Following on the rapid advancements in deep learning using neural networks, an extremely interesting area of research addresses the quantification of uncertainty in the context of neural networks. This topic has seen exciting (and sometimes contentiously debated) success under the label of Bayesian Deep Learning, with examples such as "Bayes by Backprop" (Blundell et al.) and "Gaussian Process Approximation using Dropout" (Gal et al.) demonstrating the great potential of applying Bayesian considerations in the context of neural networks. This research project will briefly review existing Bayesian Deep Learning ecosystem and the key methodologies upon which it is based, e.g., Variational Inference. Then, in a meeting of "classic" with "new", the research will consider how a Bayesian Analysis might proceed for the Normalizing Flow (i.e., bijection) class of neural network models based on Importance Sampling.

Normalizing Flows are a widely used methodology which can approximate an arbitrarily complex data distribution by applying a sequence of invertible smooth (change of variables) transformations to a multivariate normal distribution. Bayesian posterior analysis can proceed with Importance Sampling using the prior as the proposal function and the likelihood evaluation as the importance weights. By employing a Bayesian posterior analysis in this context we intend to capture epistemic uncertainty inherent in model fitting, and by using a Normalizing Flow as a likelihood we intend to capture aleatoric uncertainty inherent in data generating mechanisms (as well as produce the required importance weights). The crux of the issue then is the obligatory (and sometimes adversarial) question of "What is your prior?" that Bayesians everywhere are more than familiar with; however, here the answer also crucially drives the computational cost of the proposed Importance Sampling method. It is expected that the research will begin by looking into the suitability of the SWAG posterior approximation methodology (Wilson et al.) as an "empirical Bayes prior" which can then be fine-tuned on the basis of Importance Sampling. The work will be done in Python using TensorFlow and TensorFlow Probability neural networks.

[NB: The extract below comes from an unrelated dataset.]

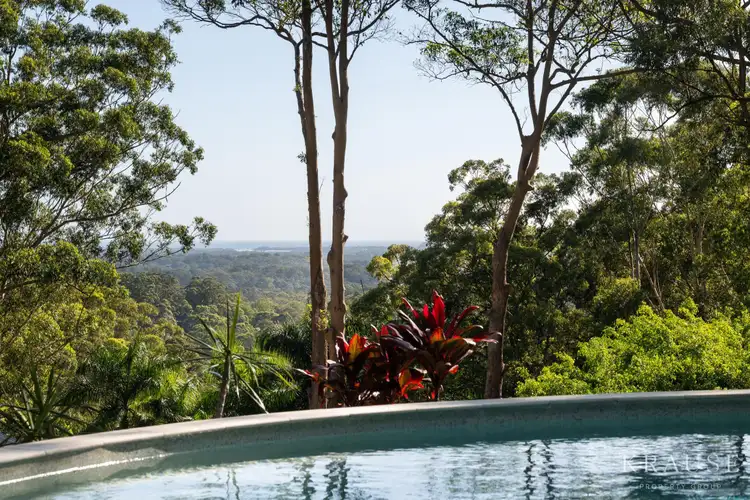 205 Tallgum Avenue, Doonan QLD 4562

Required Student Prerequisites:

Students must have experience working in TensorFlow (or PyTorch, etc.) as evidenced by course or portfolio work. Students must have a solid understanding of Bayesian Analysis and familiarity with applied computation, i.e., as should generally be the case for students who have taken the appropriate advanced coursework. Strong interest in Bayesian, neural network, and computational methodology is of course preferred. And enthusiasm for and comfort with working through challenging problems in new areas is of course very beneficial for research work.

Onboarding

Importance Sampling (IS) (Givens/Hoeting Chapter 6.4.1)
- Some initial orienting questions and partial responses for your review
  
  Scott's summary of the 4PM conversation on Monday, May 9.
  
  The second half of the meeting was recorded (and has passcode Sc#1wsPr9#).
  
  In the first half of the meeting Ryan addressed the final question of the notebook regarding distribution quantile estimation and we discussed empirical CDFs and Gentle's view on rank order statistics as the fundamental information contained in a data sample. Thanks to Haining's considerations of what it would mean to integrate an inverse quantile function it became clear to me that quantile estimation cannot be formulated as an integration problem, and so quantile estimation (i.e., analyzing rank order statistics) is something different from MC-integration (which seems quite interesting, but I think for now we'll have to put a pin this topic for a later time).
  
  I do not believe the middle two questions addressed in the notebook (regarding helpful attributes of proposal distributions and the computational distinction between unnormalized and normalized importance weights) were systematically address in our question, but they were each tangentially touched upon to some degree. I.e., respectively, see (b) below, and note that normalized IS weights do not require a (generally very hard) marginal likelihood computation to find the normalizing constant of the posterior, but instead can just be based upon normalized likelihood computations as weights.
  
  The first question of the notebook was addressed on the basis of Eric's questions, from which we were able to discuss (a) Monte Carlo Integration as simply being epectation (an integral) estimation done on the basis of standard statistical (CLT) analysis, (b) that IS affords estimator variance reduction for well-chosen proposal distributions which produce large IS weights only for very small g(θ), and following up on that (c) that IS allows us to have control over what sampling distribution to use which can allow us to avoid "expensive to sample" distributions.
  
  Other discussion focussed on (1) the "big picture" of the proposed Normalizing Flow BDL method and why it was cute, I mean, chosen. And (2) the history of Bayesian Deep Learning (BDL) and why it exists. If I've missed anything else of note please let me know and I will add it here!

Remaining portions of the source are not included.